Que nous apprennent les études comparatives des dispositifs européens de concertation ?
Nous avons décortiqué trois procédures récentes, l'assemblée participative électronique organisée à Poitiers en 2008, la conférence World Wide Views on Climate Change organisée dans le cadre du Sommet de Copenhague sur le climat en 2009 et le débat public sur l'usine de valorisation énergétique d'Ivry-sur-Seine, qui s'est également tenu en 2009. Ce sont des dispositifs hybrides qui marient rencontres en face-à-face et internet. Nous avons constaté que la plupart des acteurs – associations, élus, grand public – ressortaient déçus des réunions publiques, parce que le temps de parole y est compté, les discours très formatés et l'expression captée par les plus habitués à parler devant une assemblée. L'espace internet permet, en revanche, d'y développer une argumentation plus fouillée, de prendre la parole plus fréquemment et de diffuser une expertise contradictoire. On s'y exprime plus librement, loin des rapports de domination qui s'installent dans les instances publiques. Encore faut-il que le site internet le permette vraiment et ne soit pas un lieu déserté par les initiateurs du débat.
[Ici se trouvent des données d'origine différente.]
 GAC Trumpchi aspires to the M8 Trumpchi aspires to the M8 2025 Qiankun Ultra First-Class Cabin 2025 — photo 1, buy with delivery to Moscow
Y a-t-il des règles à respecter pour réussir un débat ?
Deux réflexions de fond sont à mener : la question du périmètre du sujet à aborder et celle du public à toucher. Dans nos entretiens avec des participants aux débats étudiés, nous avons remarqué que le cadrage de la discussion était primordial. Le débat se déroule d'autant mieux que le sujet est bien circonscrit, son périmètre parfaitement défini. Savoir à qui on s'adresse est également essentiel. On met en œuvre des procédures différentes selon que l'on parle à un vaste public, ou bien seulement à des riverains ou à un auditoire restreint de personnes très concernées. Les collectivités et les pouvoirs publics ont à leur disposition une trentaine de dispositifs différents de débat public, comme le panel représentatif d'une population ou la conférence de citoyens. Ces procédures sont plus ou moins efficaces selon le sujet traité et le public visé. Les trois dispositifs étudiés ont permis en tout cas aux citoyens d'améliorer leurs connaissances sur le sujet et d'identifier les enjeux globaux.
Quelles erreurs éviter ?
Les personnes que nous avons interrogées ont toutes insisté sur l'utilité de leur participation. Trop souvent, les participants ont l'impression que leur avis ne sera pas pris en compte, que les jeux sont déjà faits et les décisions prises. Malheureusement, cela arrive. On prend dès lors le risque que les citoyens ne se détournent des dispositifs participatifs, par lassitude et épuisement, et finissent par dénoncer ces procédures auxquelles ils avaient pourtant accordé un véritable crédit.